Parent's Guide To Dealing With Bullying
While school is a fundamental part of your child's formative years, it's not always plain sailing. The demands of the school routine, the pressure of homework assignments, and the perceived need to achieve good grades all add up. Many kids feel left out and may have trouble breaking into a popular clique or building a circle of friends. School itself can be challenging for many children, and it becomes much worse when bullying rears its ugly head. Unfortunately, that happens all too often. 28% of US students in grades 9-12 have experienced bullying, 30% of young people admit to having bullied others, and 70.6% say they have witnessed it happening. Those figures suggest that this is a common problem and that parents need to be aware of it.
As a parent, you need to be able to identify if your child is a victim or a perpetrator of this kind of abuse and be in a position to help resolve the situation.
Bullying has evolved. Before the widespread use of cell phones and social media, bullies usually worked through face-to-face encounters. Now the rise of social media and the widespread availability of mobile phones enables them to adopt new methods that make it more difficult than ever to know whether your child is a victim.
Physical bullying includes hitting, kicking, pinching, pushing, tripping or damaging property. It is perhaps the most traditional kind of bullying and causes short-term and long-term damage.
Verbal bullying includes name-calling, teasing, insults, shouting, threats, intimidation, and other kinds of verbal abuse, such as homophobic or racist remarks. While this can seem harmless, it can quickly escalate to a point where the target experiences extreme depression.

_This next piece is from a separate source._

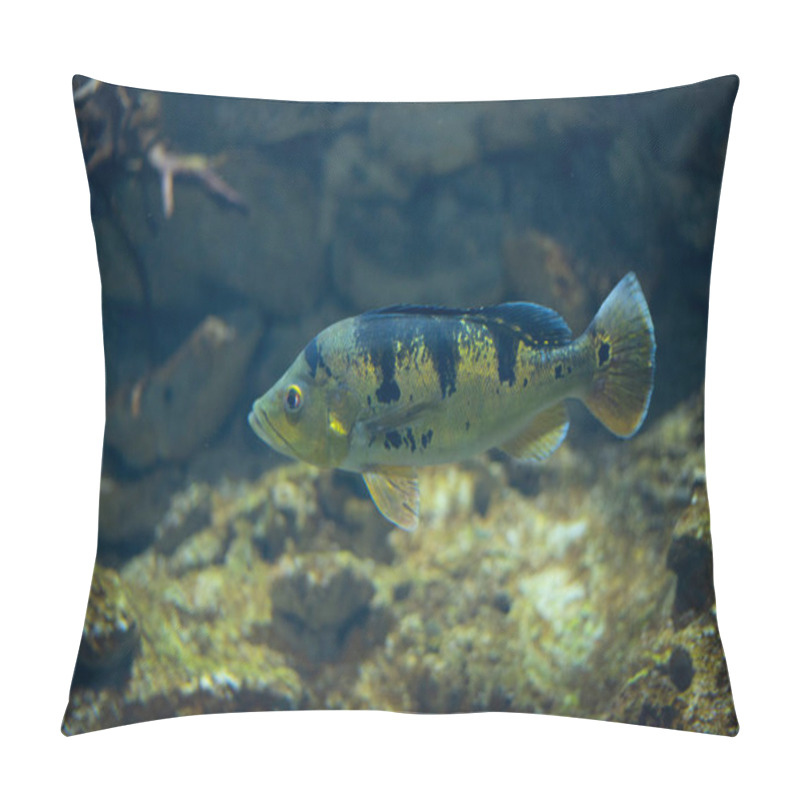 Personality  Cichla Ocellaris, Known As The Butterfly Peacock Bass In Aquarium.  Pillow Covers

Social bullying is more difficult to spot, even for the victim. That's because it often happens behind the victim's back. It can involve rumor spreading or lying, embarrassing and humiliating the target, playing nasty jokes, or encouraging others to exclude the target from a social group.

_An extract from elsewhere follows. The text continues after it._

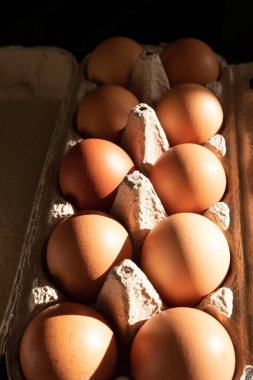 Tavuklu yumurtalar tepside Güneşe yakın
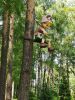IMG_20230527_123726.thumb.jpg.94910d36a37f7ed38032156f2e94aaf0.jpg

Cyberbullying occurs in social media via email, text message, instant message or telephone call. Cyberbullying can happen in an open public forum or in private. If the latter, often only the bully and the target are aware of the abuse.
8% of US students in grades 9-12 have experienced bullying, 30% of young people admit to having bullied others, and 70.6% say they have witnessed it happening.

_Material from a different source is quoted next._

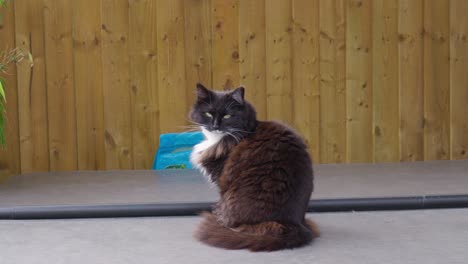 una gata negra y blanca sentada en el sol de verano relajándose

All of these can have damaging short-term effects on children, and in extreme cases may lead to depression, refusal to attend school and even suicide. Some studies indicate that bully victims are two to nine times more likely to commit suicide than their peers and that 160,000 kids stay home from school every day due to bullying. Figures like that are a good reason to pay attention.
Unless your child openly tells you that he or she is being bullied or has obvious signs of physical abuse when they return from school, it can be difficult to spot. Physical bullying is perhaps the easiest kind to detect because it exhibits signs in the form of bruises, cuts, ripped clothes or frequent complaints from your child of headaches and stomach aches. If your kid is being bullied, you may also notice sudden changes in their personality. For example, a child who is usually happy-go-lucky and confident might become quieter and not want to go to school.
Sleep disturbance, like frequent nightmares and difficulty falling asleep, is also a sign that your child might be on the receiving end of abuse. The same goes for changes in your child's eating habits and willingness to participate in social activities. If your child goes out of their way to avoid certain situations, like taking the bus to school, if you notice a sudden drop in your child's grades, then a bully could be responsible. Children who are bullied often blame themselves, and feel helpless and worthless. Bullied children also come across as being sad, lonely, anxious or depressed, which affects their schoolwork and attendance, often resulting in poorer grades.
The signs of cyberbullying are often more difficult to spot. However, if your child used to be an avid user of social media and instant messaging, and then they suddenly stopped, this could be because they are the targets of cyberbullies. A lot of cyberbullying often occurs in private messages, but it also sometimes happens out in the open. For this reason, it's a good idea to keep an eye on your child's various social media accounts and see if you can spot any obvious signs, such as nasty posts on your child's profile.
Bullying is a delicate subject, and many children are reluctant to talk about it, especially if it's happening to them. As a parent, you have such an important role to play in resolving the situation, but you'll need to handle it carefully to avoid making things worse.
If your child has told you about bullying, don't be too quick to assume anything. One of the worse things you can do is ask them questions like, “did you hit them first?” or “did you do something to make them do that to you?” Questions like this will only make your child feel as though you think they have done something wrong when most of the time they haven't. Victims of bullying often blame themselves, and you shouldn't add to this.
A change in your child's behavior or a sudden drop in their grades could be signs that they are being bullied. However, the right time to talk isn't always when something is obviously wrong. Pick a time when your child is calm and not overly agitated. They will respond better and are more likely to open up about any problems they're experiencing. Try not to interrogate them. Simply say you've noticed a change in this or a change in that and see how the child responds.
Some parents rush to arrange a meeting between themselves, their child, the “bully” and the bully's parents. This isn't usually a good idea. A rush confrontation is inevitably awkward and uncomfortable for both children and rarely resolves the issue. The bottom line is that before calling any meeting, you should have a proper talk with your child. Often, a face-to-face meeting with the bully is the last thing they want and can often exacerbate the situation.